→ Exercise prompt:
Drop the pictures, then extract the listing word for word.

→ Data block:
========================================================================
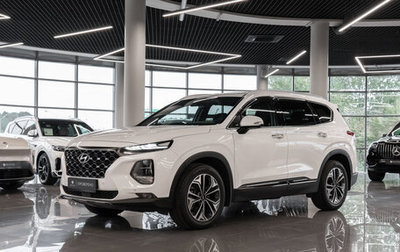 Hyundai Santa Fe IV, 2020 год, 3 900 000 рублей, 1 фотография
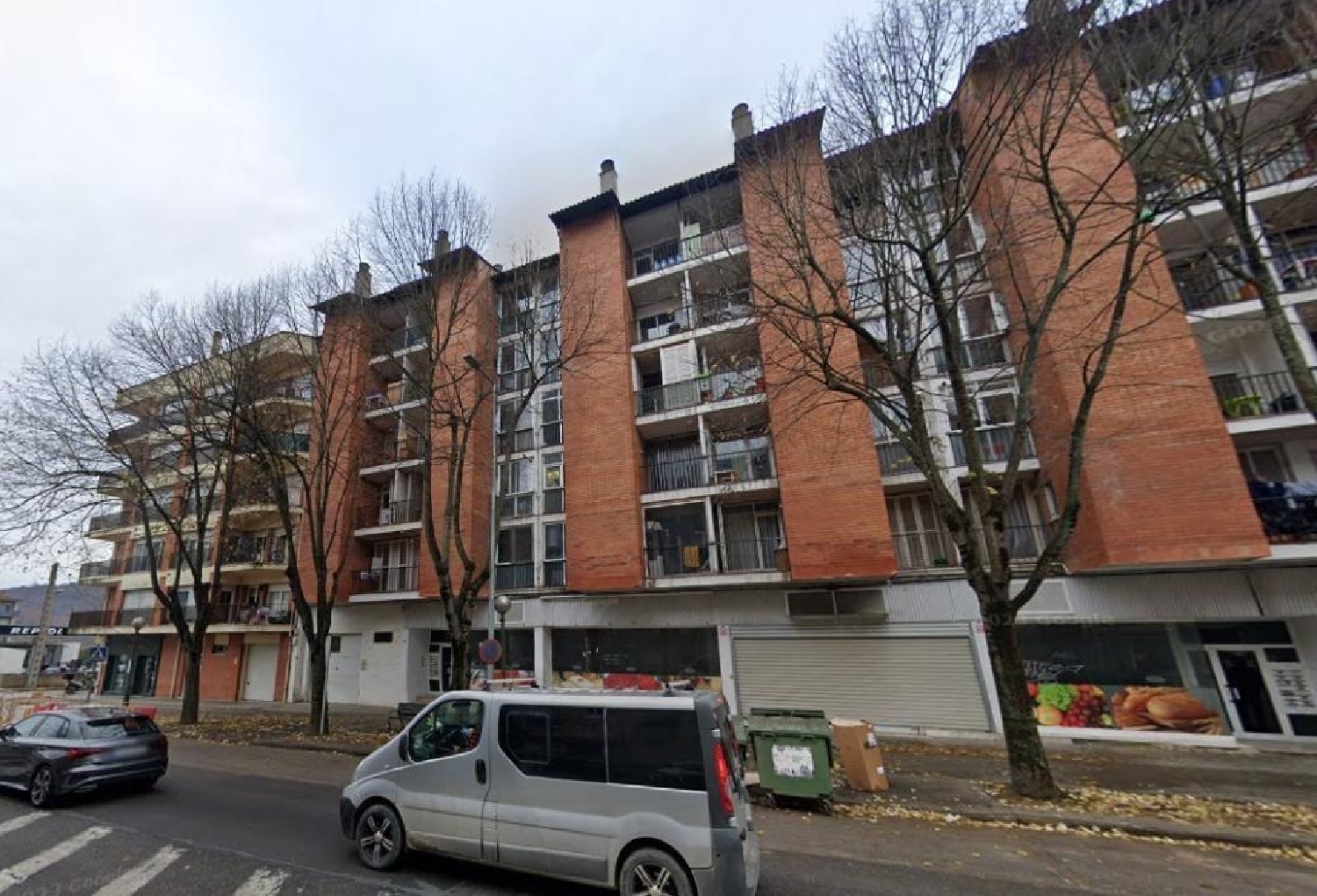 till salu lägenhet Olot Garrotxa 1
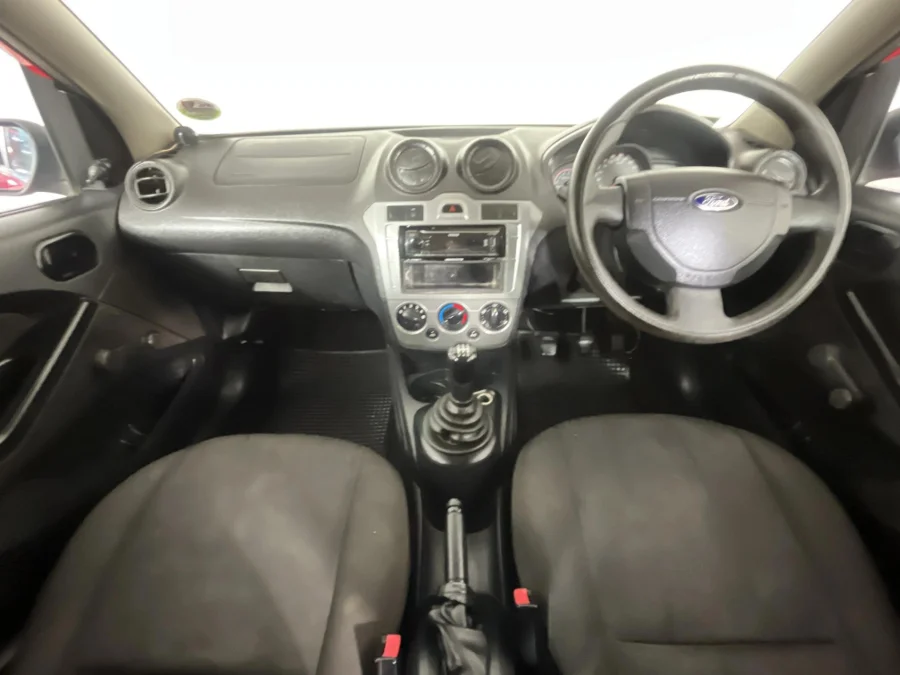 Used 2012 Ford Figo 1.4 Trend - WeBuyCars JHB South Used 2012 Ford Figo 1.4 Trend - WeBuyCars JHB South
========================================================================
→ Answer to the exercise:
 Hyundai Santa Fe IV, 2020 год, 3 900 000 рублей, 1 фотография
 till salu lägenhet Olot Garrotxa 1
 Used 2012 Ford Figo 1.4 Trend - WeBuyCars JHB South Used 2012 Ford Figo 1.4 Trend - WeBuyCars JHB South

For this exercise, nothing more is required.